The warm fuzzy feeling investors are getting from our rallying market is being tampered by growing worries about the slowdown in property prices. Investors should be concerned given the link between Australian house prices and the economy.

If you are one of the few with a niggling feeling that the housing market slowdown could be more painful than expected, you may be on the money as two reports today are pointing in that direction.

This hasn’t stopped the S&P/ASX 200 (Index:^AXJO) (ASX:XJO) index from jumping 0.5% ahead in afternoon trade as equity bulls cheered rising optimism about the US and European economies.

But a sentiment survey on property by Morgan Stanley and a separate report by UBS on the increasing risk of a credit crunch are sombre reminders why equity investors cannot afford to let their guard down.

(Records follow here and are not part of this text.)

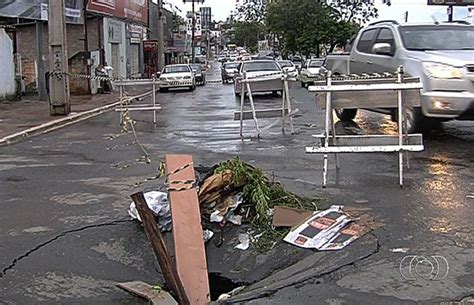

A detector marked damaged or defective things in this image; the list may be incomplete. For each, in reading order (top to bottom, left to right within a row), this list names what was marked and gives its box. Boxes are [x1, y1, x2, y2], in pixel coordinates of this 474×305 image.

broken wood board [118, 280, 178, 304]
broken wood board [167, 154, 211, 304]
cracked asphalt [0, 60, 472, 302]
broken wood board [270, 205, 314, 227]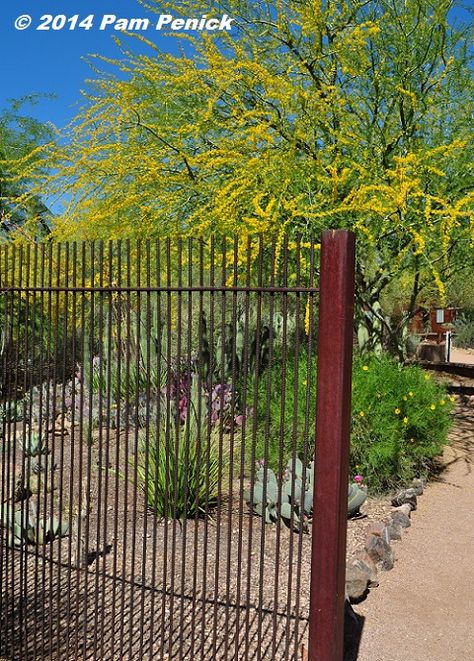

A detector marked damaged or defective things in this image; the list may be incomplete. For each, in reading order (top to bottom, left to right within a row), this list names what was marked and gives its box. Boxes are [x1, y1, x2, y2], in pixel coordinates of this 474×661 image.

If our housing market slows by more than expected, a wide range of sectors will be hit. Home builders like Mirvac Group (ASX: MGR) and Stockland Corporation Ltd (ASX: SGP) are the obvious ones, but our retailers like Harvey Norman Holdings Limited (ASX: HVN) and JB Hi-Fi Limited (ASX: JBH) won’t be far behind as household spending is closely correlated to home prices.

Banks like the Commonwealth Bank of Australia (ASX: CBA) and Westpac Banking Corp (ASX: WBC) will also feel the pinch due to their large exposure to the mortgage market.

This is why investors should be alarmed by Morgan Stanley’s claim that Australian housing sentiment and expectations have plunged to near record lows, according to an Australian Financial Review article.

Melbourne has replaced Sydney as the nation’s worst performing capital city housing market after prices in the southern state fell 5% in the past three months said the broker.

Cash seems to be regaining popularity among investors even if you’d struggle to find a bank deposit rate above 3%!

Adding to the gloom is UBS, which has pointed to seven signs that the risks of a disorderly housing market correction and credit crunch (where banks become unwilling or unable to lend to house buyers) are looming.

The first is the Banking Royal Commission, which has taken a much stricter interpretation of the Responsible Lending code. This means lenders have to more closely scrutinise loan applicants to ensure they are not over-extended – a move that will restrict the amount of credit available for our housing market.

The second is growing risk aversion by the boards of our listed banks due to the reputational damage from the Royal Commission and the federal treasurer’s comments about jailing bankers gone wild.

Pressure on mortgage brokers’ commission structure and the adoption of mandatory Comprehensive Credit Reporting from 1 July are also expected to limit available credit.

This comes at a time when foreign buyers are withdrawing from the market (this group can’t really borrow from our local banks anymore, so the limited credit is a double whammy), according to the latest stats from the Foreign Investment Review Board and cited by UBS.

What is perhaps more alarming is that around $120 billion worth of Interest Only (IO) mortgages will start reverting to Principal and Interest (P&I) every year until 2021. Those moving from IO to P&I will experience a 30% to 50% jump in repayments.

The last sign that UBS is highlighting is the upcoming federal election in early 2019 with the Labor Party promising to clamp down on negative gearing for existing properties.

Property investors who have been largely blamed for pushing up property prices might be sitting on the sidelines for several months until the nation decides on the next Prime Minister.